Task to complete:
Print the listing once more, exactly as it stands.

The data:

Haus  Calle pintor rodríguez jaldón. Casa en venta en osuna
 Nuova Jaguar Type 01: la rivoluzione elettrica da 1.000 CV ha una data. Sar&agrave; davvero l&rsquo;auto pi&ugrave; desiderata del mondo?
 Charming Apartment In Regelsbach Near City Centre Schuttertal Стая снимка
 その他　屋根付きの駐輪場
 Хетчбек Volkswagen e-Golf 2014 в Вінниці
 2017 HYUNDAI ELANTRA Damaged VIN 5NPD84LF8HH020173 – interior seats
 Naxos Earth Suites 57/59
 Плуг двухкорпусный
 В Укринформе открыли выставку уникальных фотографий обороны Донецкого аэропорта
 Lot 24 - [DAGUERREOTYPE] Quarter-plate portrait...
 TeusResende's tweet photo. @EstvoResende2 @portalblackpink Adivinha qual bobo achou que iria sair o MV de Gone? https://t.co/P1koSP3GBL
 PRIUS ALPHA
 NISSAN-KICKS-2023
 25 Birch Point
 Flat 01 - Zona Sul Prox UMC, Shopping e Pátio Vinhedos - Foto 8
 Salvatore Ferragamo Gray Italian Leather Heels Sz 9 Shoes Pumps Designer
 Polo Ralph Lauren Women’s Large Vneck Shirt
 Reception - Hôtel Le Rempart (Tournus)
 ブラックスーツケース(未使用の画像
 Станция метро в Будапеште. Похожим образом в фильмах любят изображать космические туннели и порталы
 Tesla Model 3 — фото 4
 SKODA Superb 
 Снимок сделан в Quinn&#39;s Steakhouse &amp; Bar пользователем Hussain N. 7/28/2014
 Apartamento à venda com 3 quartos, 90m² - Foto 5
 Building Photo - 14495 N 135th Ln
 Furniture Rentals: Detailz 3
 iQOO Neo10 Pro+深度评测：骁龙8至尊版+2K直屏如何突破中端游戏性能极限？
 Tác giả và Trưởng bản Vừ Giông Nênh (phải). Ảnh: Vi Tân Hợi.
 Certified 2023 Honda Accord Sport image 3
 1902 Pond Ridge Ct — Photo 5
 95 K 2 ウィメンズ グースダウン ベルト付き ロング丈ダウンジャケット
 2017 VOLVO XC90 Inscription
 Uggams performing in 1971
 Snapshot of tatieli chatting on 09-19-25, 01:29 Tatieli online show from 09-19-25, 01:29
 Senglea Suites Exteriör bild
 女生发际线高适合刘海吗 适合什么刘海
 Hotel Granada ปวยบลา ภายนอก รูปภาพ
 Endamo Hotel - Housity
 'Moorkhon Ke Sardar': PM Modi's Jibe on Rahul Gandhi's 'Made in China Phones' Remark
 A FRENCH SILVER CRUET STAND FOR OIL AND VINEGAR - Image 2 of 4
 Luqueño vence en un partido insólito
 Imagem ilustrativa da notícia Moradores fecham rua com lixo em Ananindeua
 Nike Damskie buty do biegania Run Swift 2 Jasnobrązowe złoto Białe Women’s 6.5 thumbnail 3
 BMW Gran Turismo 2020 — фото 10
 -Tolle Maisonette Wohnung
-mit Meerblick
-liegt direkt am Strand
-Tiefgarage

Task output:
Haus  Calle pintor rodríguez jaldón. Casa en venta en osuna
 Nuova Jaguar Type 01: la rivoluzione elettrica da 1.000 CV ha una data. Sar&agrave; davvero l&rsquo;auto pi&ugrave; desiderata del mondo?
 Charming Apartment In Regelsbach Near City Centre Schuttertal Стая снимка
 その他　屋根付きの駐輪場
 Хетчбек Volkswagen e-Golf 2014 в Вінниці
 2017 HYUNDAI ELANTRA Damaged VIN 5NPD84LF8HH020173 – interior seats
 Naxos Earth Suites 57/59
 Плуг двухкорпусный
 В Укринформе открыли выставку уникальных фотографий обороны Донецкого аэропорта
 Lot 24 - [DAGUERREOTYPE] Quarter-plate portrait...
 TeusResende's tweet photo. @EstvoResende2 @portalblackpink Adivinha qual bobo achou que iria sair o MV de Gone? https://t.co/P1koSP3GBL
 PRIUS ALPHA
 NISSAN-KICKS-2023
 25 Birch Point
 Flat 01 - Zona Sul Prox UMC, Shopping e Pátio Vinhedos - Foto 8
 Salvatore Ferragamo Gray Italian Leather Heels Sz 9 Shoes Pumps Designer
 Polo Ralph Lauren Women’s Large Vneck Shirt
 Reception - Hôtel Le Rempart (Tournus)
 ブラックスーツケース(未使用の画像
 Станция метро в Будапеште. Похожим образом в фильмах любят изображать космические туннели и порталы
 Tesla Model 3 — фото 4
 SKODA Superb 
 Снимок сделан в Quinn&#39;s Steakhouse &amp; Bar пользователем Hussain N. 7/28/2014
 Apartamento à venda com 3 quartos, 90m² - Foto 5
 Building Photo - 14495 N 135th Ln
 Furniture Rentals: Detailz 3
 iQOO Neo10 Pro+深度评测：骁龙8至尊版+2K直屏如何突破中端游戏性能极限？
 Tác giả và Trưởng bản Vừ Giông Nênh (phải). Ảnh: Vi Tân Hợi.
 Certified 2023 Honda Accord Sport image 3
 1902 Pond Ridge Ct — Photo 5
 95 K 2 ウィメンズ グースダウン ベルト付き ロング丈ダウンジャケット
 2017 VOLVO XC90 Inscription
 Uggams performing in 1971
 Snapshot of tatieli chatting on 09-19-25, 01:29 Tatieli online show from 09-19-25, 01:29
 Senglea Suites Exteriör bild
 女生发际线高适合刘海吗 适合什么刘海
 Hotel Granada ปวยบลา ภายนอก รูปภาพ
 Endamo Hotel - Housity
 'Moorkhon Ke Sardar': PM Modi's Jibe on Rahul Gandhi's 'Made in China Phones' Remark
 A FRENCH SILVER CRUET STAND FOR OIL AND VINEGAR - Image 2 of 4
 Luqueño vence en un partido insólito
 Imagem ilustrativa da notícia Moradores fecham rua com lixo em Ananindeua
 Nike Damskie buty do biegania Run Swift 2 Jasnobrązowe złoto Białe Women’s 6.5 thumbnail 3
 BMW Gran Turismo 2020 — фото 10
 -Tolle Maisonette Wohnung
-mit Meerblick
-liegt direkt am Strand
-Tiefgarage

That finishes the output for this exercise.